Hello, Jenny, and a very warm welcome to Tortoise Forum.
There seems to be some debate over whether overwintering your tortoise all the time is a good or bad idea.
If it is a baby tortoise up to the age of four or five it seems many people don't hibernate them to avoid any associated risk, they are more vulnerable when young. 
Also you should never hibernate a sick or underweight tortoise.
It's really your choice.
See http://www.tortoiseforum.org/threads/hibernation.124356/
for much of the same.


----------



## Grandpa Turtle 144 (Aug 4, 2015)

Jenny


Why do you come here for advise but the pet shop for a tort ? You don't have to hibernate any tort . And you could get your parents to buy your tort from TFO members . Good luck with your tort


----------



## Speedy-1 (Aug 4, 2015)

*There is a similar discussion here . http://www.tortoiseforum.org/threads/hibernation.125418/ *


----------



## Jodie (Aug 4, 2015)

You don't have to. There is debate on whether you should or not.
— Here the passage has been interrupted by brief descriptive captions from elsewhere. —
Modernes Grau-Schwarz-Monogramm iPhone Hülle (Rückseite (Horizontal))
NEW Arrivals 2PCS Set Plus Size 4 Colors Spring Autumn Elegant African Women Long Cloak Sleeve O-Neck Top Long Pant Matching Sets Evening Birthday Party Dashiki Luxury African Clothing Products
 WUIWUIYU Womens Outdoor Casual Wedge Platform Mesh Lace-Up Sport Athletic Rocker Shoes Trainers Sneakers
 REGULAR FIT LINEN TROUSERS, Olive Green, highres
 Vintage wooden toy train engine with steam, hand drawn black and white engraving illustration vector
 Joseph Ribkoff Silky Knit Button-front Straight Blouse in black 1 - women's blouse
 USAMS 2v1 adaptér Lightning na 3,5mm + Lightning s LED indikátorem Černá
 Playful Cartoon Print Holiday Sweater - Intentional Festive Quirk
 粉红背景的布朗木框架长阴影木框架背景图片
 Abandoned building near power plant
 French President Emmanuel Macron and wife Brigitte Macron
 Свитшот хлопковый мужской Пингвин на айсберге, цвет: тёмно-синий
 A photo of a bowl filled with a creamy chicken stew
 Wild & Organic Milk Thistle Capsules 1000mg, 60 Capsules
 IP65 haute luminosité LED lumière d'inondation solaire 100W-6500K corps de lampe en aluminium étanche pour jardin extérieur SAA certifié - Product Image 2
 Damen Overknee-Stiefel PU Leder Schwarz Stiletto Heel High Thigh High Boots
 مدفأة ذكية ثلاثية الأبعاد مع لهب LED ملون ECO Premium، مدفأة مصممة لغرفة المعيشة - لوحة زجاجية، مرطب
If you don't it is important to provide enough heat and light that they stay awake. Half hibernation in the wrong conditions is dangerous.


----------



## Jennyjanewren (Aug 7, 2015)

Ok thanks everyone for your help!


----------



## Melissa101 (Aug 8, 2015)

I was told really conflicting stuff about hibernating tortoises from different vets, which meant I waited several years before hibernating my spur thighed torts!

I did it last year and they did really seem to benefit from it, and it was much easier than I thought! They start to slow down a lot more in winter, and it's hard work to keep them warm and fed as it gets colder. I definitely recommend hibernating!


----------



## Tom (Aug 8, 2015)

You don't _have _to hibernate a hermanni or horsfieldii, but I think its best for them if you do.

As was stated, there is much debate about this, and everyone you ask will have a different opinion.

Jodie brings up a great point. Either hibernate, or go all out with heat, light and UV to keep them up. Anything in between is dangerous and not good.


----------